6 thoughts on “20-12. Hopefulness”
and the sound of hope too – I recall that you added classical music to the decor at 350 Sparks, which made it livelier too 🙂
Quite right, the classical canon certainly were preferable to the sounds of silence. When I moved in with Mr Weatherill he must have wondered at first at the sound system I brought with me. What sort of music will this stranger bring into his tranquil world. When he heard CBC Radio 2 (playing classical music) no doubt he breathed relief, even approval. By contrast, I doubt the pulchritudinous agents in the pink suite missed it.

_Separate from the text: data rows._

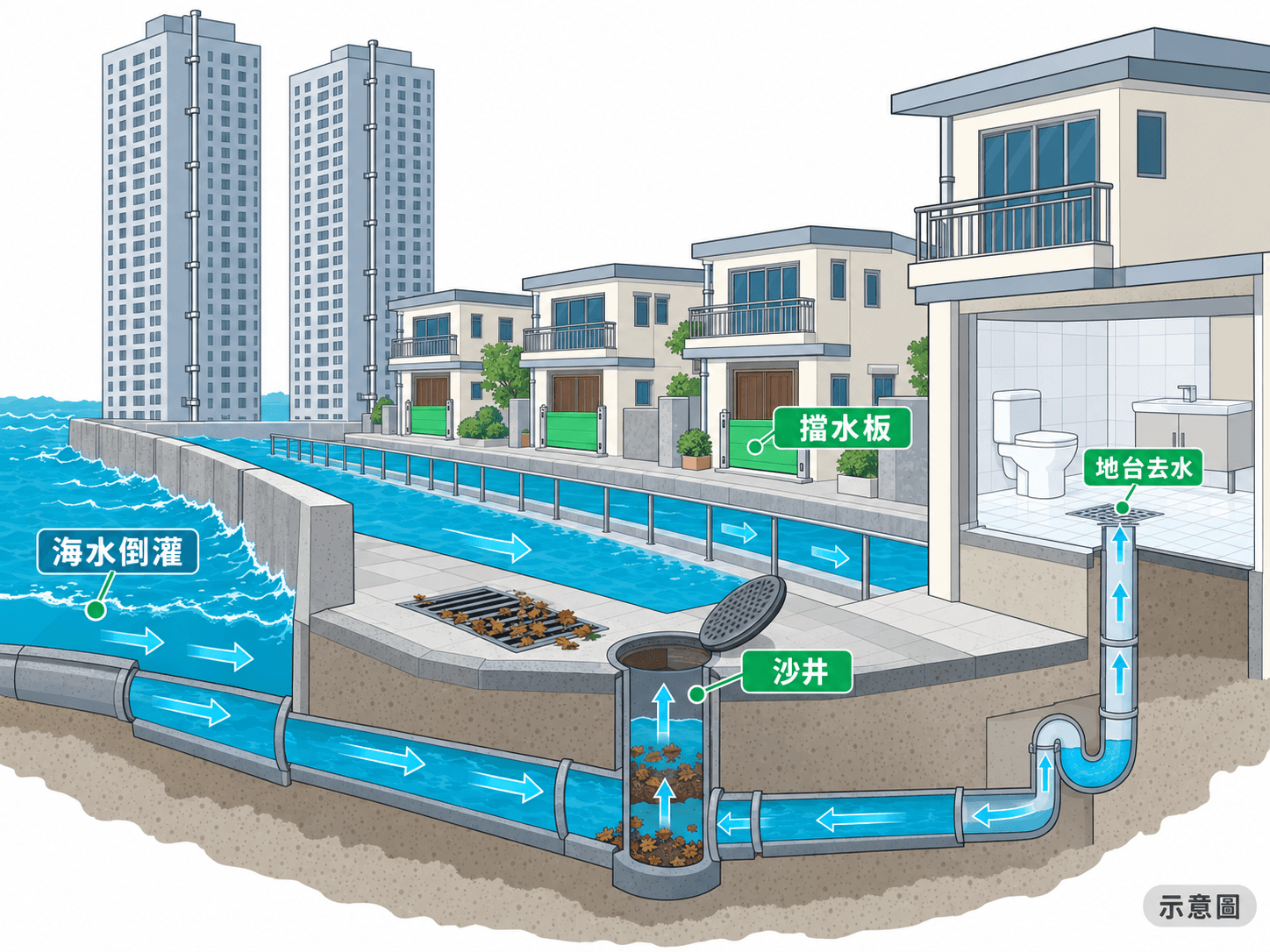 Cutaway illustration of Sham Tseng seafront blocks and nullah-side village houses with flood boards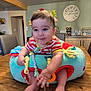 Lyaam a rejoint le concours — aidez-le/la à gagner de superbes lots ! baby, casual, chair, child, clock, cute, dining_room, floor, flowers, furniture, happy, indoor, infant, person, playful, plush_ring, smiling, striped_shirt, toy, wooden_table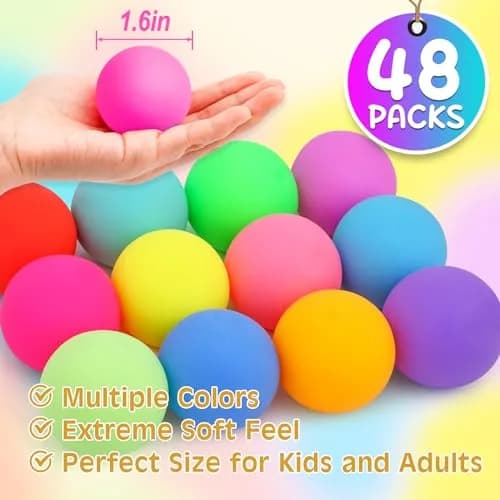 VISCOO 48 Pack Slow Rising Stress Balls 4.1 cm (1.6 Inches) | Non-Toxic TPR for Kids & Adults thumbnail 2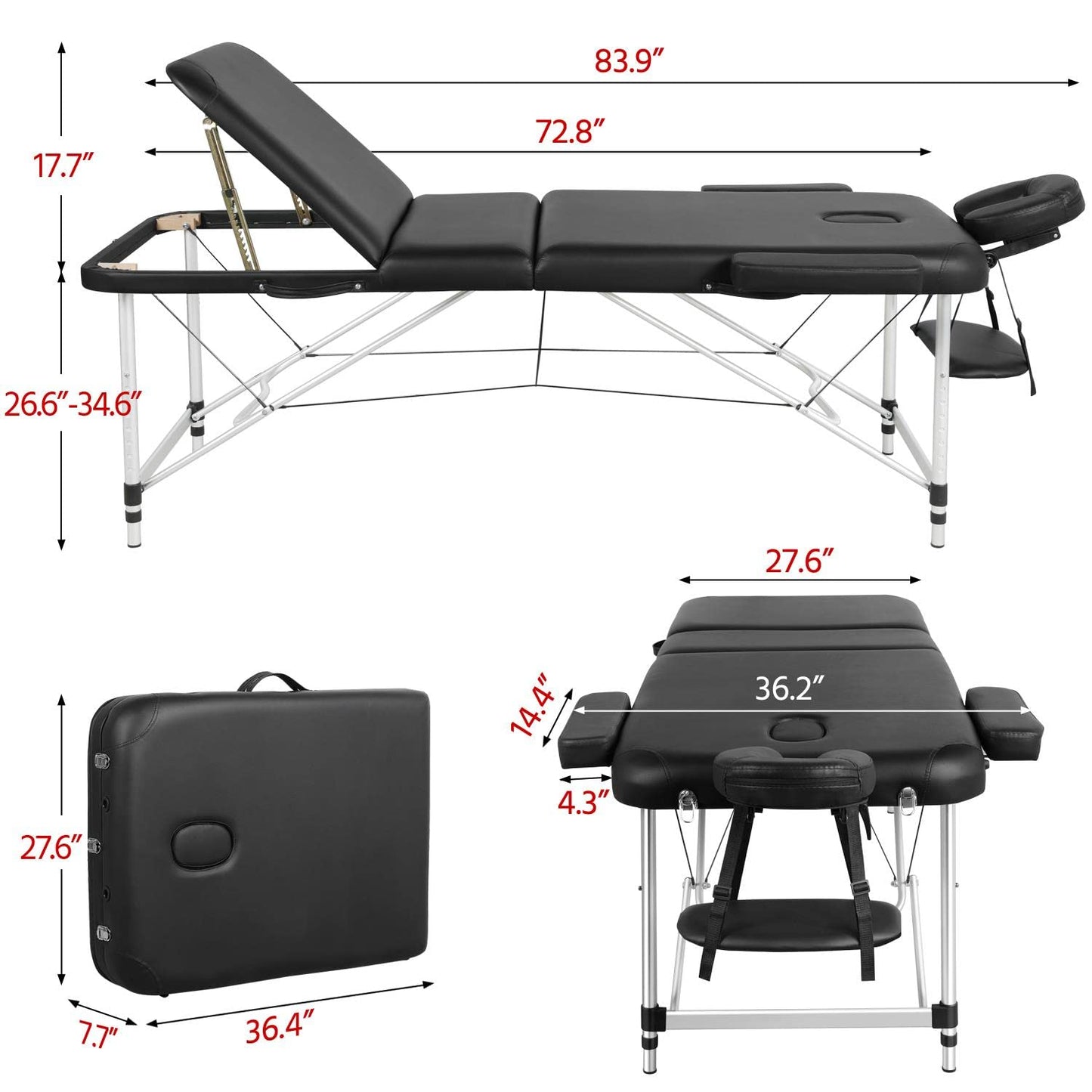 Yaheetech Massage Tables Portable Tattoo Table Adjustable Lash Bed Aluminium 3 Folding Spa Bed with Non-Woven Bag 28 inch Wide Black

Another delightfully entertaining and educative piece, thank you – sorry, that sounds very English, doesn’t it? I’m pleased your new neighbours have brought some light and hope into your winter tunnel. My neighbours recently complained that my drive lights were deliberately disturbing their caged European eagle owl – they recently halved the size of its cage! I am hopeful that some pulchritudinous agents will move in some day soon but then I am an optimist. Why do so many psychologists try to make commonsense a science? Perhaps I’m being unfair to them and Seligman in particular.
Perhaps you are being unfair to Martin Seligman. He spent his career trying to bring understanding to some thorny problems in human thriving, to bring science to a topic otherwise dominated by shamuses. The problem with common sense is that it’s not that common, and often it is wrong.